East vs. West Large Models Code Capability Showdown: How Prompt Changes Affect Generation Quality

A study from Chitkara University in India systematically evaluated the performance of six mainstream large language models (LLMs) in code generation tasks, with a special focus on how changes in prompt formats affect model outputs. The study used a composite evaluation framework, scoring comprehensively across four dimensions: functional accuracy, grammatical correctness, optimization quality, and response efficiency.

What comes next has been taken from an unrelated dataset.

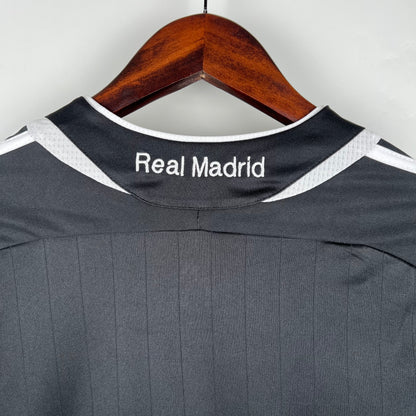 Retro Long Sleeve Real Madrid 06/07 Third Away Kit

大语言模型代码生成提示词工程模型评估ClaudeKimiGPT-4oGeminiAI编程软件工程
Published 2026-05-13 03:12Recent activity 2026-05-13 03:18Estimated read 6 min
East vs. West Large Models Code Capability Showdown: How Prompt Changes Affect Generation Quality
1

Section 01

East vs. West Large Models Code Capability Showdown: Guide to How Prompt Changes Affect Generation Quality

A study by Chitkara University in India evaluated the code generation performance of six mainstream large language models (LLMs), focusing on how changes in prompt formats affect outputs. The participating models cover both Eastern and Western vendors: Western models include Claude 3.7 Sonnet, Gemini 2.0 Flash, and GPT-4o; Eastern models include GLM-4-Plus, MiniMax-M2, and Kimi K2 Instruct. The study used a four-dimensional evaluation framework (functional accuracy, grammatical correctness, optimization quality, response efficiency). Results show that Claude 3.7 Sonnet leads with an average score of 91.3%, followed closely by Kimi K2 Instruct (88.6%), and there are significant differences in the robustness of different models to prompt changes.

2

Section 02

Research Background: The Importance of Prompt Engineering

In LLM applications, the quality of prompts directly determines generation results, but user prompt habits vary greatly (detailed descriptions vs. minimal expressions). The Chitkara University team conducted this study to address this issue, designing a test set containing 150 programming tasks. For each task, three prompt formats (structured, semi-structured, and minimal) were prepared to simulate the diversity of real-world scenarios.

3

Section 03

Evaluation Framework: Four-Dimensional Comprehensive Scoring System

The study built a composite evaluation framework, scoring across four dimensions:

  1. Functional accuracy: Whether the code correctly solves the problem (core indicator);
  2. Grammatical correctness: Whether there are no syntax errors and the code can be executed directly;
  3. Optimization quality: Time/space complexity and algorithm rationality;
  4. Response efficiency: Generation speed and resource consumption.
4

Section 04

Participating Models: Eastern and Western Representatives Compete Side by Side

Six representative LLMs were selected: Western camp: Claude 3.7 Sonnet (Anthropic), Gemini 2.0 Flash (Google), GPT-4o (OpenAI); Eastern camp: GLM-4-Plus (Zhipu AI), MiniMax-M2 (MiniMax), Kimi K2 Instruct (Moonlight AI). The cross-regional selection makes the results more reference-worthy.

5

Section 05

Research Results and Key Findings

Result Rankings:

Rank Model Origin Average Score
1 Claude 3.7 Sonnet Western 91.3%
2 Kimi K2 Instruct Eastern 88.6%
3 Gemini 2.0 Flash Western 87.0%
4 GLM-4-Plus Eastern 84.2%
5 GPT-4o Western 82.7%
6 MiniMax-M2 Eastern 81.5%

Key Findings: There are significant differences in the sensitivity of different models to prompt format changes, with some models showing strong robustness; Eastern and Western models have distinct advantageous features (e.g., Eastern models excel in response efficiency, while Western models are better in optimization quality).

6

Section 06

Implications for Developers

  1. Prompt engineering remains key to improving quality; writing clear and structured prompts is a best practice;
  2. Model selection should be scenario-specific: choose Claude 3.7 Sonnet for ultimate quality, and Kimi K2 Instruct or Gemini 2.0 Flash for balancing quality and cost;
  3. Before deployment, prompt robustness testing should be conducted to evaluate performance in real user scenarios.
7

Section 07

Research Limitations and Future Directions

Limitations: 1. The 150 tasks have limited coverage; 2. The evaluation focuses on static analysis, with little consideration for maintainability and readability. Future Directions: Expand the test set size and include more programming language frameworks; explore more comprehensive code quality evaluation dimensions; conduct in-depth analysis of prompt robustness to guide model training optimization.